Faculty, Research

Inciting Hate through Posters, Films, and Exhibitions: German Anti-Jewish Propaganda in the Generalgouvernement, 1939–1945

grabowski_smallJan Grabowski is a professor of history at the University of Ottawa. In the academic year of 2017-18 he will be teaching on online course to the students of Weiss-Livnat International MA program on the Jews of Poland during the Holocaust.

In his 2009 article for the journal Holocaust and Genocide Studies, Professor Jan Grabowski of the University of Ottawa discusses the little-examined issue of the German anti-Jewish propaganda that was distributed in the General Gouvernement (GG) area of Poland during the years of German invasion and occupation, from 1939 to 1945. He notes the resources that were dedicated to this branch of propaganda in particular, with the use of visual media and the involvement of Polish artists and existing Polish anti-semitic material.

The German propaganda effort in GG Poland was considerable, led by a number of German propagandists brought in from Goebbels’ own office in Berlin. In addition, scores of local Polish workers were employed and a great deal of resources poured into the Polish propaganda effort. This was partly because Polish hatred for Germany was already high before the catastrophically destructive German advance into Poland worsened it further. The sole point which united Germans and Poles was their hatred of the Jews and the Bolsheviks. While Germany initially kept their anti-Bolshevik propaganda to a low level, once Russia entered the war the Germans increased to a flood propaganda that linked the Jews and the Bolsheviks as the cause of every Polish woe.

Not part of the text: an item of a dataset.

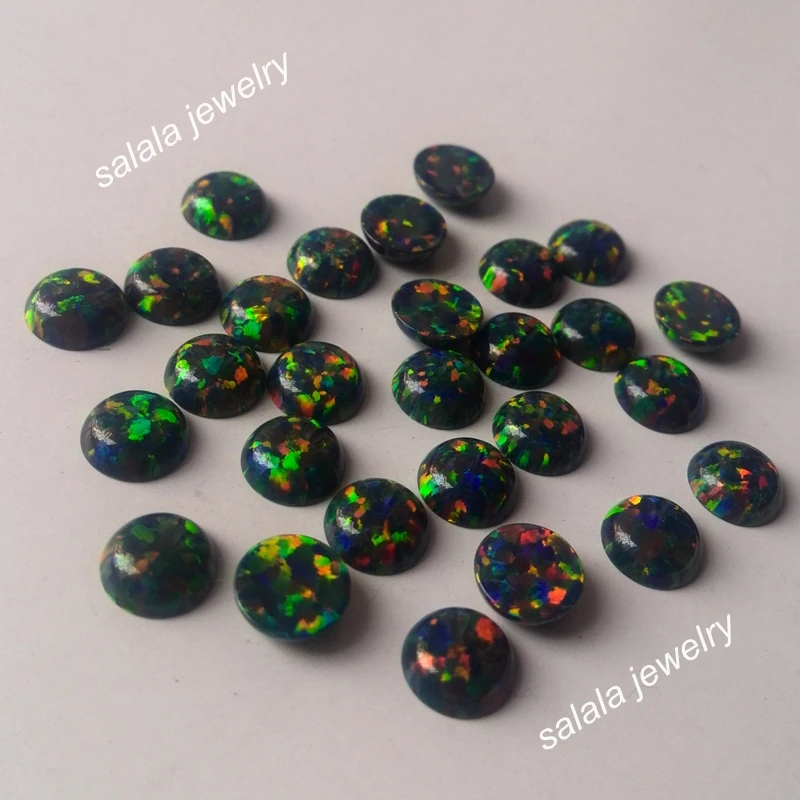 200 шт./лот OP32 черный огненный опал 6 мм круглый синтетический кабошон Огненный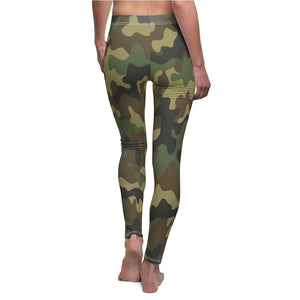 Green Army Camouflage Multicolored Women's Cut & Sew Casual Leggings, Yoga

Grabowski points out that the anti-Jewish messages were heavily promoted using visual media, including posters, newsreels, and traveling exhibitions, so as to reach even the 23% of Poles who were still illiterate. Short ‘newsreels’ depicted the Germans as saviors of the Poles, who corralled Jews into ghettos to prevent them from spreading typhus. Hybrid newspaper-cum-cartoons were distributed across rural villages, using large images and short texts that could be understood by the undereducated Polish countryfolk. Huge posters with eye-catching anti-Semitic images were plastered everywhere, and a number of traveling exhibitions used sculptures, images and art to bring German anti-Semitic messages across the GG region of Poland.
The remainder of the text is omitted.